Con la contundente adhesión de alrededor de un millón de personas a una huelga de 24 horas, los sindicatos uruguayos volvieron a desafiar al Ejecutivo de Luis Lacalle Pou en reclamo de mejoras salariales y mayor presupuesto para vivienda y educación. Convocado por la central que reúne a la mayoría de los gremios y sindicatos del país, el PIT-CNT, el cuarto paro general desde la asunción de Lacalle Pou el primero de marzo de 2020 paralizó el funcionamiento de las principales actividades públicas del país.

«Una señal muy poderosa»

«Es una señal muy poderosa, muy fuerte, que está emitiendo el movimiento sindical», destacó el presidente del PIT-CNT, Marcelo Abdala, en conferencia de prensa.

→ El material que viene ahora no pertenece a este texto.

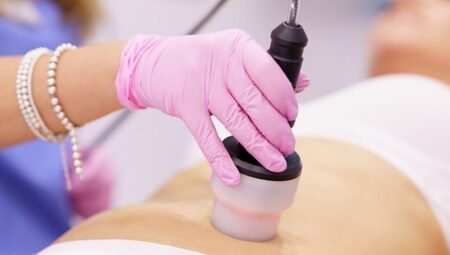 Radyofrekans tedavisi nedir? 2026’da ameliyatsız ağrı tedavisinin tüm detayları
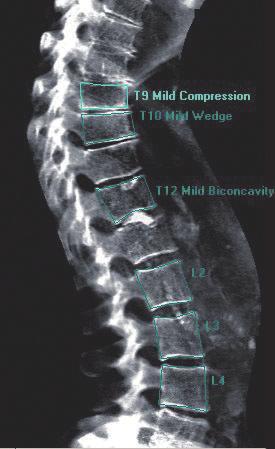 It s vertebral assessment is comparable to radiographs in identifying and classifying deformities concerning etiology, grade, and shape, 1 while using a lower dose of radiation.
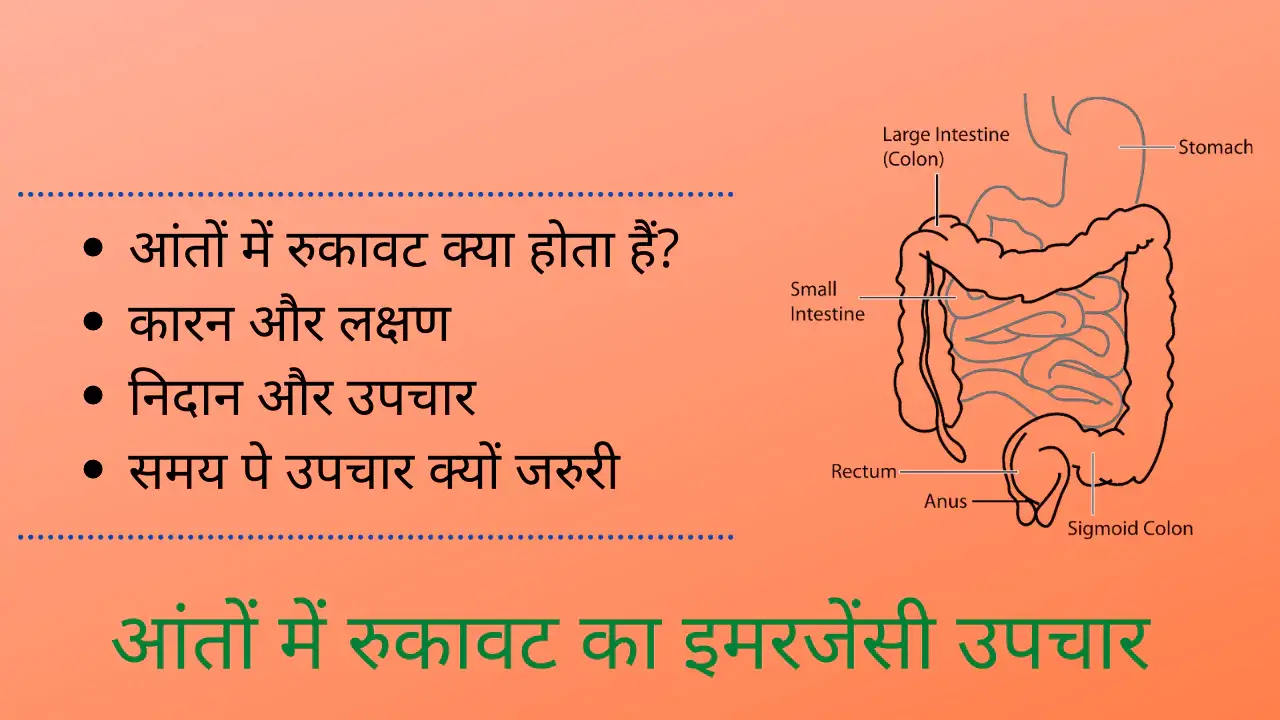 intestinal obstruction in hindi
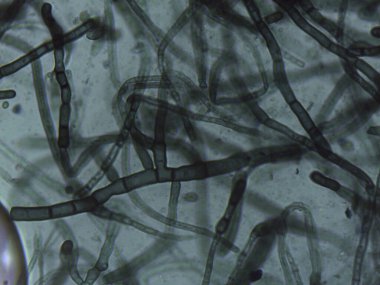 Yoğun bir ağda iç içe geçmiş septik ve dematiasöz mantar hifabesini gösteren mikrograf.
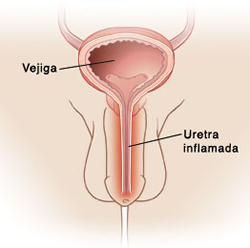 Uretritis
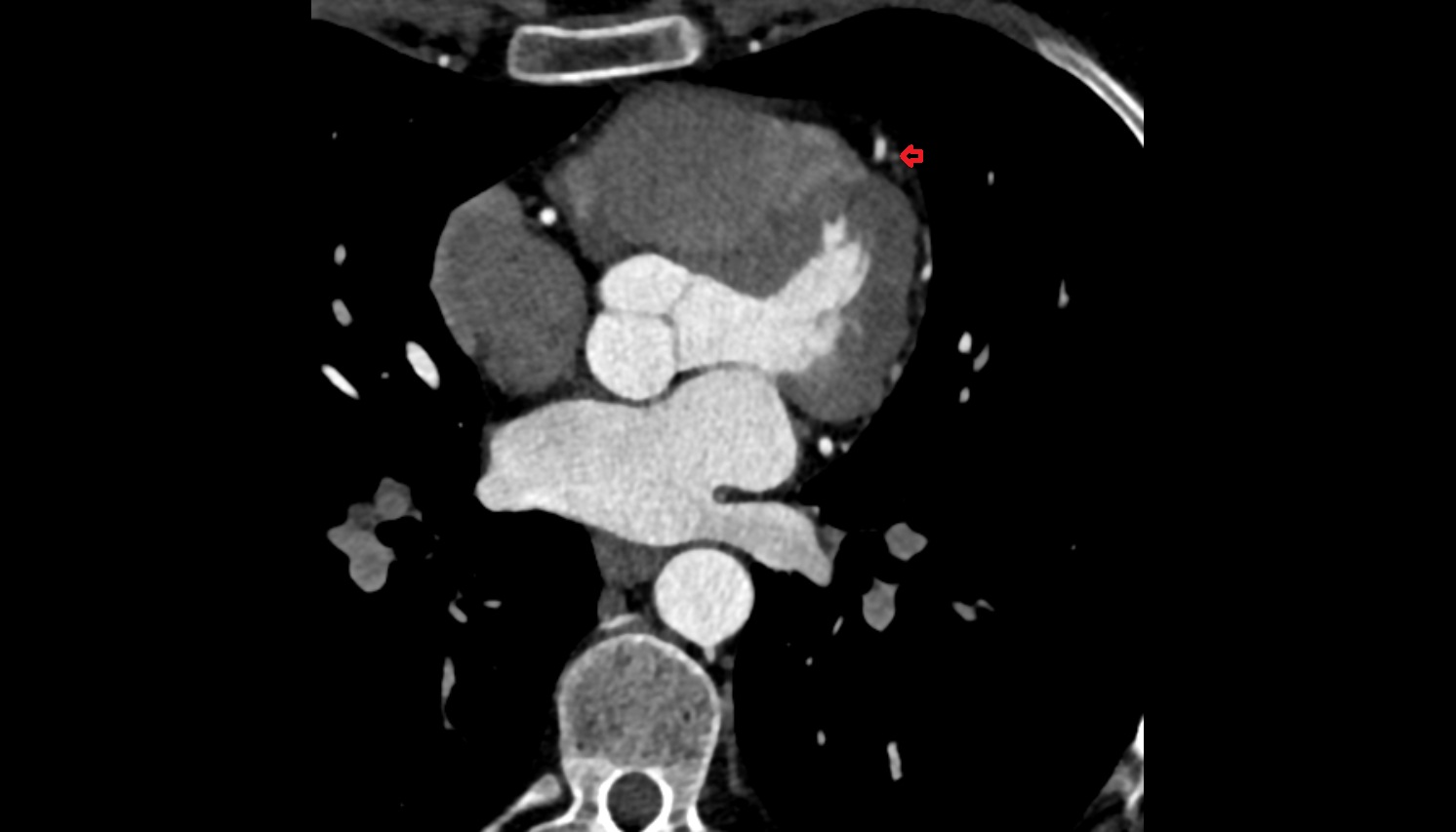 Third diagonal branch (D3) of LAD  anantomy  CT  axial image -img-00000-00000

El dirigente puso de relieve que participaron del paro «adhiriéndose voluntariamente mucho más de un millón de uruguayos y uruguayas» y remarcó el fuerte cumplimiento «en la administración central, en el conjunto de empresas, en todo el sistema educativo público y privado, en la banca pública y privada, en la construcción, en toda la industria manufacturera».

Abdala reconoció que el paro no afectó el transporte porque hubo unidades circulando en base a un esquema de emergencia que armaron las empresas, aunque dijo que estos vehículos iban vacíos. El sindicalista acotó además que, según los informes que percibió la central desde más de cien filiales distribuidas por el país, se llevaron a cabo «diálogos con la población, barriadas y repartos de materiales» en todo el territorio.

Abdala lamentó que, aunque el PBI uruguayo se recuperó a niveles anteriores a la pandemia, los salarios y las jubilaciones «no solamente no acompañaron el crecimiento, sino que soportan rebajas del cuatro por ciento de todo el poder de compra». Según pudo reproducir El País, el dirigente enfatizó: «Efectivamente, la gente no está llegando a fin de mes. Esto implica que hay una estrategia que ahonda la brecha de la desigualdad, y está concebida como un modelo de crecimiento excluyente y de acumulación que es para unos pocos».

Con la comida no

Sobre la decisión de los sindicatos de la educación de no hacer guardia gremial como en otros paros, en los que las maestras acudieron a los centros de enseñanza para dar el almuerzo a los niños que dependen de ese servicio, Abdala manifestó que la situación no fue distinta de la de un feriado. 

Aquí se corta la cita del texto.